*Exercise details*
Only one stretch of the data below is wanted: the lines starting at the one with "BAPE Art Camo College Tee White" and ending at the one with "COCOmaison Kunstbloemen En", both included, given again exactly.

*Provided data*
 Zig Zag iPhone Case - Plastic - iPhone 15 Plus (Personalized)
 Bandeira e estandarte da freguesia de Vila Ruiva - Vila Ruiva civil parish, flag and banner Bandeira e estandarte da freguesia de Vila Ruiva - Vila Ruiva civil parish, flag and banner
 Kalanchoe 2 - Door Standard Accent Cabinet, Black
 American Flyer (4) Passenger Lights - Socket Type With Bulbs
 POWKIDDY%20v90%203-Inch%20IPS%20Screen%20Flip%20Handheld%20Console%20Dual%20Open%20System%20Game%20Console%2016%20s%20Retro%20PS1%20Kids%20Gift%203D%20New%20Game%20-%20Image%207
==
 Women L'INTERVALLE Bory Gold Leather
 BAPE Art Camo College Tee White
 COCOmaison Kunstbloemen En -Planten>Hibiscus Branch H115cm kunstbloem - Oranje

*Expected answer*
 BAPE Art Camo College Tee White
 COCOmaison Kunstbloemen En -Planten>Hibiscus Branch H115cm kunstbloem - Oranje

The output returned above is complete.